*THE RECORDS:*

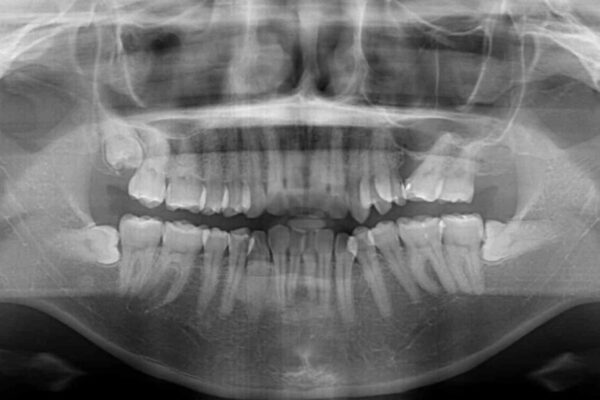 インビザラインによる矯正治療と奥歯のインプラント治療 ビフォー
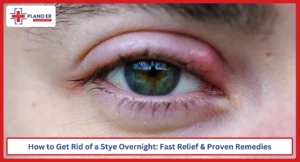 How to Get Rid of a Stye Overnight Fast Relief & Proven Remedies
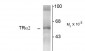 Thyroid Hormone Receptor, α2-Isotype Antibody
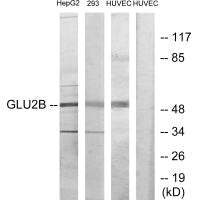 Western blot analysis of extracts from HepG2, 293 and HUVEC cells, using GLU2B antibody.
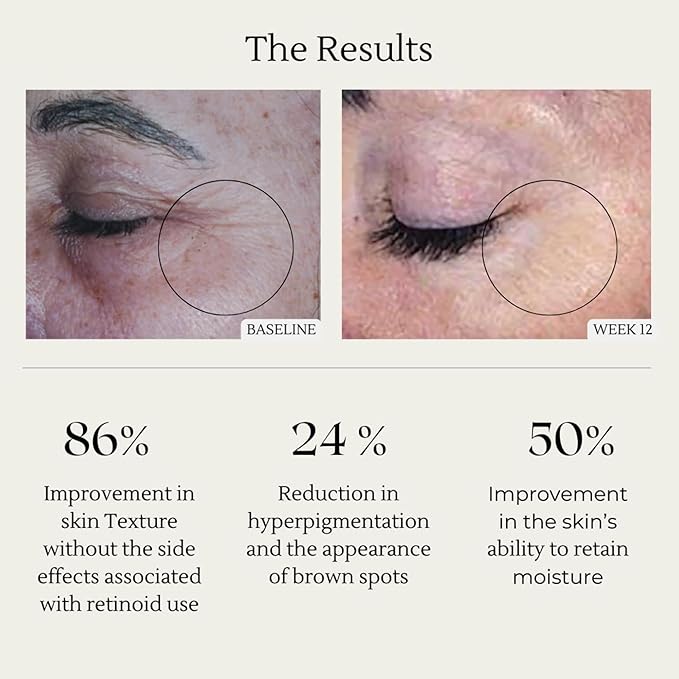 Sonrei Clearly Zinq Hydrating Tinted Facial SPF 35 + Anti-aging Growth Factor Sunscreen Mineral Gel & Primer | Broad Spectrum UV Protection | Water Resistant, Vegan | Non-greasy - 1.7 Fl oz.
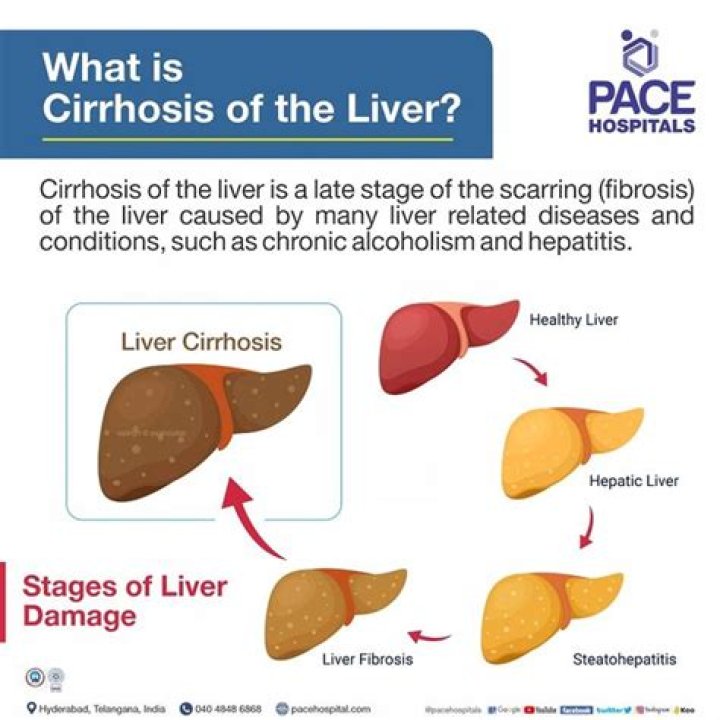 How long can you live with cirrhosis of the liver?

*WHAT IS NEEDED:* Transcribe all of the lines above exactly as given. The pictures stay out.

*TASK ANSWER:*
 インビザラインによる矯正治療と奥歯のインプラント治療 ビフォー
 How to Get Rid of a Stye Overnight Fast Relief & Proven Remedies
 Thyroid Hormone Receptor, α2-Isotype Antibody
 Western blot analysis of extracts from HepG2, 293 and HUVEC cells, using GLU2B antibody.
 Sonrei Clearly Zinq Hydrating Tinted Facial SPF 35 + Anti-aging Growth Factor Sunscreen Mineral Gel & Primer | Broad Spectrum UV Protection | Water Resistant, Vegan | Non-greasy - 1.7 Fl oz.
 How long can you live with cirrhosis of the liver?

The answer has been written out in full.